FRANCIS CAMPBELL BOILEAU CADELL R.S.A., R.S.W. (SCOTTISH 1883-1937)
JEAN CADELL AMONG TREES





Scottish Paintings & Sculpture
Auction: Evening Sale ft. A Century of Scottish Colourists | Lots 88 to 168 | Thursday 04 June 2026 from 6pm
Description
Signed and dated '12, oil on board
Dimensions
45.5cm x 36.5cm (18in x 14in)
Provenance
Given by the Artist to Sir Patrick Ford (1880-1945) and thence by family descent to the present owner
Literature:
Tom Hewlett and Duncan Macmillan, F. C. B. Cadell: The Life and Works of a Scottish Colourist 1883-1937, Lund Humphries, Farnham, 2011, repr.col. p.36, fig.26 (as ‘Girl in White Dress and Hat - Sunlight Trees’)
Footnote
Jean Among Trees is a tender and elegant portrait of the Scottish Colourist F. C. B. Cadell’s younger sister, Jean Dunlop Cadell (1884-1967), who became a celebrated actress. Born just one year apart, the siblings enjoyed a close, life-long relationship, with Cadell becoming a father figure to Jean’s only child, John, following the early death of her husband.

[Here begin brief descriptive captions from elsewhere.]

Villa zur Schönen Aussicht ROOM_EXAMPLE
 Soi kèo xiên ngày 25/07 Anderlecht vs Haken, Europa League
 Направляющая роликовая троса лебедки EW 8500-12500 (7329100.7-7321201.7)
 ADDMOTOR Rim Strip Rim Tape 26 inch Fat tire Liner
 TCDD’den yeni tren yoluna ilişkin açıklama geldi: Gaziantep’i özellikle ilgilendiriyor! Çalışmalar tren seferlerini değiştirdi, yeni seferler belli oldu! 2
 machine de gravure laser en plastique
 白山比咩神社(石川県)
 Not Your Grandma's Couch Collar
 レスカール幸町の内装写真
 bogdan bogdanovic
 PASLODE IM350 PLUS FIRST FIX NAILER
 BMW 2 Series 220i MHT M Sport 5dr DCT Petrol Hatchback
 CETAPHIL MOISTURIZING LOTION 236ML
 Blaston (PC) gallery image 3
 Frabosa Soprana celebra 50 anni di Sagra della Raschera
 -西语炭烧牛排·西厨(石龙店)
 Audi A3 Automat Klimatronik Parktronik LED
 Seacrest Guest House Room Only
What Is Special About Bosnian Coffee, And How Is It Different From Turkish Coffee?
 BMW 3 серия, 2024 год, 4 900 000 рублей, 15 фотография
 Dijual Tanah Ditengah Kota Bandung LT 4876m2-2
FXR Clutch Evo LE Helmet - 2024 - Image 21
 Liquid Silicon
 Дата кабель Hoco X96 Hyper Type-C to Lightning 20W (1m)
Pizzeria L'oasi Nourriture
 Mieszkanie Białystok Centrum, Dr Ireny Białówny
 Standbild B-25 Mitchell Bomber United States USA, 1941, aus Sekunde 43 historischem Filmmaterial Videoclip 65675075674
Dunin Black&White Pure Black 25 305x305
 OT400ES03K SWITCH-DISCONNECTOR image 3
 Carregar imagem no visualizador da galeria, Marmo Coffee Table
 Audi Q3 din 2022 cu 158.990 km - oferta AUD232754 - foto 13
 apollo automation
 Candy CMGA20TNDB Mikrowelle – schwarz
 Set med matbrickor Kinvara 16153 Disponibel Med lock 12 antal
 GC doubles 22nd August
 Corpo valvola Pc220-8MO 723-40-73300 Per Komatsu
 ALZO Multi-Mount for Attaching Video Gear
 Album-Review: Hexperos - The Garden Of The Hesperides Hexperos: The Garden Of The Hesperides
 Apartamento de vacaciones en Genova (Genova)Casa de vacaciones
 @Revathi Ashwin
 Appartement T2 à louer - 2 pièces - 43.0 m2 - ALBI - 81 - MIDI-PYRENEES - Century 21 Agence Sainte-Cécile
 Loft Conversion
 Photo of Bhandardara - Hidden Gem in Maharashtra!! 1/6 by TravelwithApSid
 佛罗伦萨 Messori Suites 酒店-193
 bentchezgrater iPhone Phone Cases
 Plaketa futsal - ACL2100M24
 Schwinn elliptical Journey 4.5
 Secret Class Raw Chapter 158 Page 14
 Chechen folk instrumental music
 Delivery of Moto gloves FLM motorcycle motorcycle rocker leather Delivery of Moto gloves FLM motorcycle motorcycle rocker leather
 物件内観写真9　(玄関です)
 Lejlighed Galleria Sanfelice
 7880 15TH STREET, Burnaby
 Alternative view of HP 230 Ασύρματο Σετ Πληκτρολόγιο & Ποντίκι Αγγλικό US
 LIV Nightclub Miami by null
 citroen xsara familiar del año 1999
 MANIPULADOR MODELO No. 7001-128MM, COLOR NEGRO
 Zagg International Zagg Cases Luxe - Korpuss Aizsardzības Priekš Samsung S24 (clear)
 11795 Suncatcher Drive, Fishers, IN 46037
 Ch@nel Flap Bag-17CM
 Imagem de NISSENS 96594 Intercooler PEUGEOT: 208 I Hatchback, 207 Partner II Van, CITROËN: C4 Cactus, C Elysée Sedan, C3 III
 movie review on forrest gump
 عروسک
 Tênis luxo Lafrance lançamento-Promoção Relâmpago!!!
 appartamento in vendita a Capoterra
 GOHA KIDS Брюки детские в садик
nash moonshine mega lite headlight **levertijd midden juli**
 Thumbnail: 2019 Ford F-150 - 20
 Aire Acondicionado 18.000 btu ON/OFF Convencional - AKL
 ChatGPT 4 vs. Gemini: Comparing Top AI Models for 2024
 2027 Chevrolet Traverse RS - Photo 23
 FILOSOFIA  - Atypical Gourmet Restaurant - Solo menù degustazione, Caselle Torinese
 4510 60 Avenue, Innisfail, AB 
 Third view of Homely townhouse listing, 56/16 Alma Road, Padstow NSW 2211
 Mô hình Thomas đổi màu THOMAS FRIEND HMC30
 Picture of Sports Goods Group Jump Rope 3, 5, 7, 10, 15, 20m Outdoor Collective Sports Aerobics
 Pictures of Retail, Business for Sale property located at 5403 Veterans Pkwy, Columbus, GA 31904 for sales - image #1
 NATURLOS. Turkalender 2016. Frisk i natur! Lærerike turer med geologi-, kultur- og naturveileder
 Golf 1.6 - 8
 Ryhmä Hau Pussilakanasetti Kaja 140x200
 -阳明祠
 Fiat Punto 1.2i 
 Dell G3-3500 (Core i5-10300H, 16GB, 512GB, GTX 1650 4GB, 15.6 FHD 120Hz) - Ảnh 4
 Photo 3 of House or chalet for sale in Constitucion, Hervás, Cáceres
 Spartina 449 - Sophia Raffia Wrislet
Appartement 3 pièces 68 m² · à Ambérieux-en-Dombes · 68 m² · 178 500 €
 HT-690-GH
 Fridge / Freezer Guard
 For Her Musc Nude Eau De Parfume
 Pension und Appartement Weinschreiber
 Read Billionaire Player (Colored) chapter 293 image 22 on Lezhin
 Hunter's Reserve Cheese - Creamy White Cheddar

On the advice of the artist Arthur Melville, Cadell (known in the family as ‘Bunty’) moved to Paris in 1898, at the age of fifteen, to commence his artistic training. He was accompanied by Jean and their mother, Mary Hamilton Boileau, whilst their father, also named Francis, and younger brother Arthur remained in Edinburgh. Jean sat for her brother from an early age and in a letter to their father of 2 March 1900, Mary explained ‘He did a rough watercolour of Jean yesterday afternoon, and took it to show [Alphonse Mucha], who criticised it most favourably, and B. came home in great spirits.’ (F. C. B. Cadell Papers, National Galleries of Scotland Archive, GMA AL/15/1/31). Further correspondence reveals that Jean took French and German lessons whilst living in Paris. The family also lived together in Germany between 1906 and 1908, during which time Cadell studied at the Academie der Bildenden Künste in Munich.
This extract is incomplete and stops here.